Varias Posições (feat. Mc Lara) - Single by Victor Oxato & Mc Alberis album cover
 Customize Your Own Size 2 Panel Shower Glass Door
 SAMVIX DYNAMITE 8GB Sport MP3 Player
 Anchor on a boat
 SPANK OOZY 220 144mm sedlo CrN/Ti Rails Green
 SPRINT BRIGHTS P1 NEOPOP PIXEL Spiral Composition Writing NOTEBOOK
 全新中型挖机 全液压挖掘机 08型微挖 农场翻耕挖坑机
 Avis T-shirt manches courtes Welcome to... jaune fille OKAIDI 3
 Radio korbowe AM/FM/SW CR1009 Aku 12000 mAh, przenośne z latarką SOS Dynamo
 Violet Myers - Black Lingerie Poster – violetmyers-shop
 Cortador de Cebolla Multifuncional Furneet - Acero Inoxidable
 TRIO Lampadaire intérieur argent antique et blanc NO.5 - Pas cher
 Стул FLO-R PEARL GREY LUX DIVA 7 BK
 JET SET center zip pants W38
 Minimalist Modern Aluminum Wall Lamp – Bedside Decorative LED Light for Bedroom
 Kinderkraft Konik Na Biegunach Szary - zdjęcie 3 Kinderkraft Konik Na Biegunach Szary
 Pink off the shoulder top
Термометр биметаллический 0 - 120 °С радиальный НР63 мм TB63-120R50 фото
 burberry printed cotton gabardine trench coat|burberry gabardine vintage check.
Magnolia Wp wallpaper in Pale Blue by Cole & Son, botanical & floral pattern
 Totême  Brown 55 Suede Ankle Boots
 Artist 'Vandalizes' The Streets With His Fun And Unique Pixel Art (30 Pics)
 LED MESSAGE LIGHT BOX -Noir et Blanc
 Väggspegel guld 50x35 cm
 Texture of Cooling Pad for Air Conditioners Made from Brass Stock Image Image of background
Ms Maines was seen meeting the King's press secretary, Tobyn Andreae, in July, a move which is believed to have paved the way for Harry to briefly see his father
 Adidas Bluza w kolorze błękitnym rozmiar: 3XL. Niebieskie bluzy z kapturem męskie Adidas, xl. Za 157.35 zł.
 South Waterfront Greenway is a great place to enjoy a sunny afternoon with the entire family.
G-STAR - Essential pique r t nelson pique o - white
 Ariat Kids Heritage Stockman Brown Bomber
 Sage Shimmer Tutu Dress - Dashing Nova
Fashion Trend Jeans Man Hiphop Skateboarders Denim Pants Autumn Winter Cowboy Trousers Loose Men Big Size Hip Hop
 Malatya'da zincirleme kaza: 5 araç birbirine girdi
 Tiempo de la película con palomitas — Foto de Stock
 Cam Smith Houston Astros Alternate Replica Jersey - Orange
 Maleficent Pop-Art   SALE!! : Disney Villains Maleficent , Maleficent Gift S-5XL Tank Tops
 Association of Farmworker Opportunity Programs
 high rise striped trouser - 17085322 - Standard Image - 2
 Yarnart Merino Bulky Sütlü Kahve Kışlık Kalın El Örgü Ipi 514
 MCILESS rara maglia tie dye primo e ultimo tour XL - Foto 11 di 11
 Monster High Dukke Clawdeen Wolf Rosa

::::

-- Task --
The full set of records must be output again exactly.

-- Task response --
Varias Posições (feat. Mc Lara) - Single by Victor Oxato & Mc Alberis album cover
 Customize Your Own Size 2 Panel Shower Glass Door
 SAMVIX DYNAMITE 8GB Sport MP3 Player
 Anchor on a boat
 SPANK OOZY 220 144mm sedlo CrN/Ti Rails Green
 SPRINT BRIGHTS P1 NEOPOP PIXEL Spiral Composition Writing NOTEBOOK
 全新中型挖机 全液压挖掘机 08型微挖 农场翻耕挖坑机
 Avis T-shirt manches courtes Welcome to... jaune fille OKAIDI 3
 Radio korbowe AM/FM/SW CR1009 Aku 12000 mAh, przenośne z latarką SOS Dynamo
 Violet Myers - Black Lingerie Poster – violetmyers-shop
 Cortador de Cebolla Multifuncional Furneet - Acero Inoxidable
 TRIO Lampadaire intérieur argent antique et blanc NO.5 - Pas cher
 Стул FLO-R PEARL GREY LUX DIVA 7 BK
 JET SET center zip pants W38
 Minimalist Modern Aluminum Wall Lamp – Bedside Decorative LED Light for Bedroom
 Kinderkraft Konik Na Biegunach Szary - zdjęcie 3 Kinderkraft Konik Na Biegunach Szary
 Pink off the shoulder top
Термометр биметаллический 0 - 120 °С радиальный НР63 мм TB63-120R50 фото
 burberry printed cotton gabardine trench coat|burberry gabardine vintage check.
Magnolia Wp wallpaper in Pale Blue by Cole & Son, botanical & floral pattern
 Totême  Brown 55 Suede Ankle Boots
 Artist 'Vandalizes' The Streets With His Fun And Unique Pixel Art (30 Pics)
 LED MESSAGE LIGHT BOX -Noir et Blanc
 Väggspegel guld 50x35 cm
 Texture of Cooling Pad for Air Conditioners Made from Brass Stock Image Image of background
Ms Maines was seen meeting the King's press secretary, Tobyn Andreae, in July, a move which is believed to have paved the way for Harry to briefly see his father
 Adidas Bluza w kolorze błękitnym rozmiar: 3XL. Niebieskie bluzy z kapturem męskie Adidas, xl. Za 157.35 zł.
 South Waterfront Greenway is a great place to enjoy a sunny afternoon with the entire family.
G-STAR - Essential pique r t nelson pique o - white
 Ariat Kids Heritage Stockman Brown Bomber
 Sage Shimmer Tutu Dress - Dashing Nova
Fashion Trend Jeans Man Hiphop Skateboarders Denim Pants Autumn Winter Cowboy Trousers Loose Men Big Size Hip Hop
 Malatya'da zincirleme kaza: 5 araç birbirine girdi
 Tiempo de la película con palomitas — Foto de Stock
 Cam Smith Houston Astros Alternate Replica Jersey - Orange
 Maleficent Pop-Art   SALE!! : Disney Villains Maleficent , Maleficent Gift S-5XL Tank Tops
 Association of Farmworker Opportunity Programs
 high rise striped trouser - 17085322 - Standard Image - 2
 Yarnart Merino Bulky Sütlü Kahve Kışlık Kalın El Örgü Ipi 514
 MCILESS rara maglia tie dye primo e ultimo tour XL - Foto 11 di 11
 Monster High Dukke Clawdeen Wolf Rosa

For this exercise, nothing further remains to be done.